Indian author (1920–2009)

Chandrakiran Sonrexa (also written as Candrakiraṇa Saunareksā; 19 October 1920 – 18 May 2009) was a writer of Hindi literature. Her writings in Hindi, spanning a period of 75 years have been published and translated in several languages including Russian, Hungarian, Czech, Slovak and English and also several Indian languages. She worked as a Script writer and Editor at All India Radio, Lucknow for over two decades (1957–1979). In 2001 she was awarded the title of Best Woman Hindi Short Story Writer of the 20th century by Hindi Academy (Delhi) and was presented the award by Sheila Dikshit, the then Chief Minister of Delhi.

== Biography ==
=== Early life ===
Chandrakiran's father was a storekeeper in the military which was a transferable job. He was posted at Naushera in Peshawar (now in Pakistan) in 1920 where Chandrakiran, his last child, was born. The date or “Tithi” according to the Hindu calendar was Saptami of Durga Navratri in the month of 'Aashwin' (October). By the time she was one and a half year old her father was transferred to Meerut in U.P. (United Provinces then and Uttar Pradesh now). At first the family rented a house in Rajban Bazar. But in 1923 shifted to Sadar Kabaadi Bazar which was a timber market. Their house was near Bholanath Temple.

=== Education ===
Chandrakiran's first school was Sadar Kanya Pathshala where she was admitted in class one in July 1926. She studied up to class 4th in this school and received a double promotion twice. Thus she cleared four classes in two years. For class 5th she joined Sadar mission school, which was run by Christian missionaries.

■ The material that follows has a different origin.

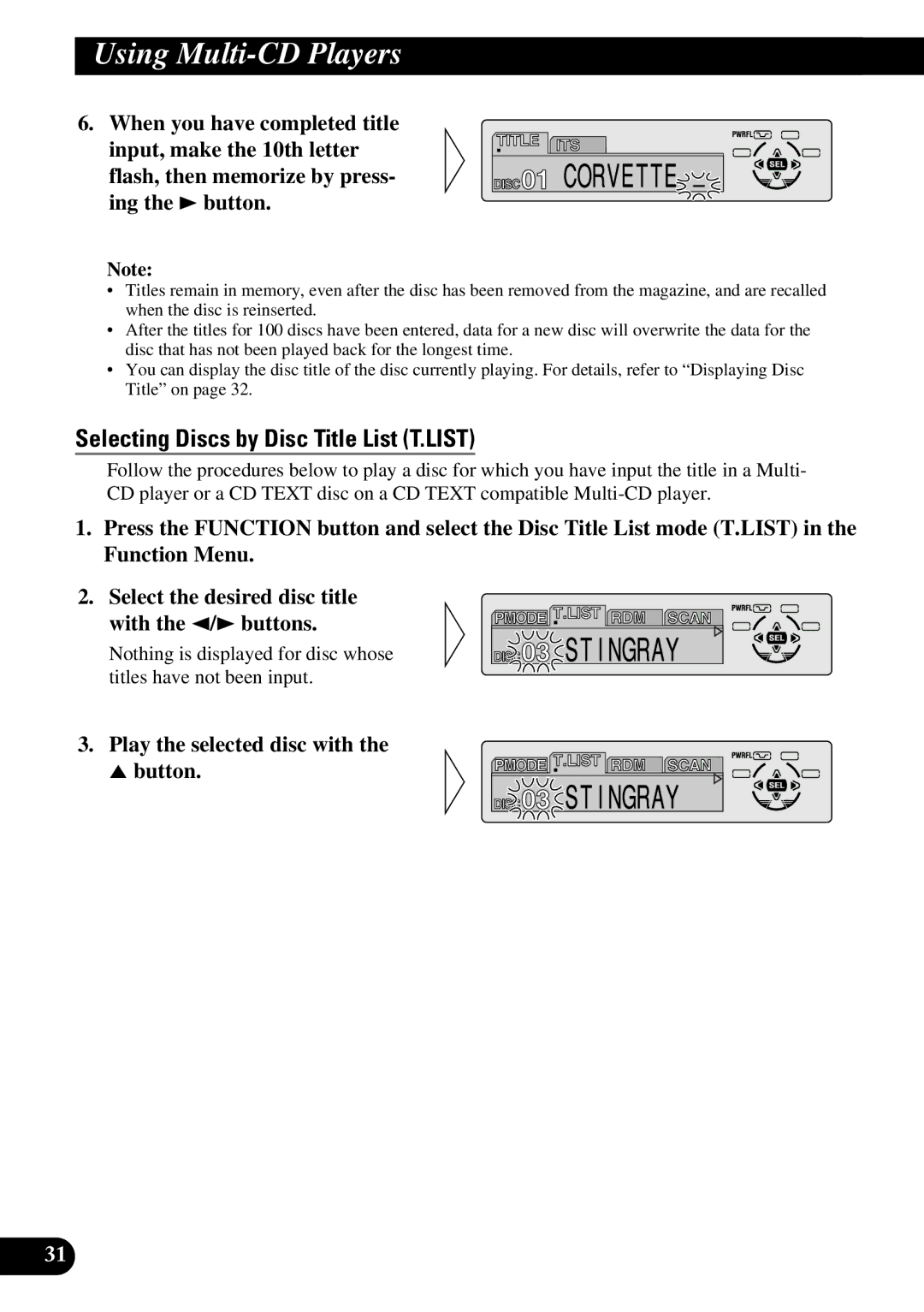 Pioneer DEH-P730, DEH-P630 operation manual Selecting Discs by Disc Title List T.LIST, Play the selected disc with Button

She was a bright student and was good at Mathematics, Hindi, and Geography. The only subject she could not cope with was drawing. A favorite of all the teachers, Chandrakiran often had to face jealousy and bullying from her older classmates.

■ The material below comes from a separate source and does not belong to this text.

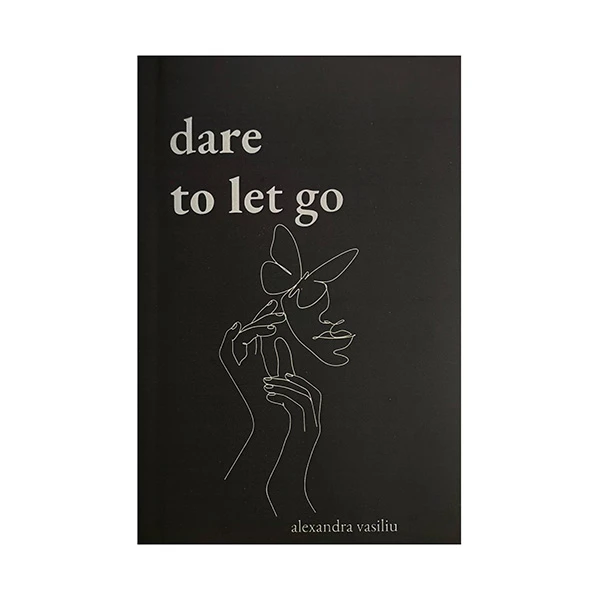 کتاب dare to let go اثر Alexandra Vasiliu انتشارات معيارعلم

=== Influence of the Indian freedom movement ===
In the year 1931, when Mahatma Gandhi's non-cooperation movement was spreading all over the country she too started to wear Khadi (hand-spun cotton cloth). At the age of eleven she longed to participate in the sit-ins to protest at shops selling foreign liquor or clothes, and wanted to join the congress party. She was ready to court arrest even; of course she was not allowed to do any of these by her loving father, who doted on her.

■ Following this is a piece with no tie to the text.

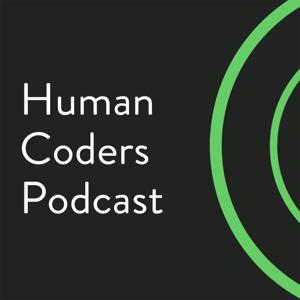 Human Coders Podcast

=== Exposure to literature ===
A voracious reader, Chandrakiran devoured any printed matter she could lay her hands on - Hindi/Urdu stories, novels, poems, magazines - besides her text books. She finished 'Ramcharit Manas', Kabir's 'Sakhi-Sabad Ramaini' and 'Sukh-Sagar' even though she could not fully understand them. She read 'Uncle Tom's Cabin' in translation in a serialized form in an Urdu magazine. She finished entire works of renowned Hindi writers like Premchand, Kaushik and Sudarshan. Magazines like 'Madhuri, Saraswati Chand' etc., were borrowed from the neighbors. Even books which her elder sister prohibited her from reading – 'Devdas' of Sharat Chandra Chattopadhyay or 'Hatimtaai' - were read on the sly. Because of the speed with which she finished reading entire volumes, and was a chatter box as well, her brother Kanhaiya Lal called her 'Peshawar Mail'.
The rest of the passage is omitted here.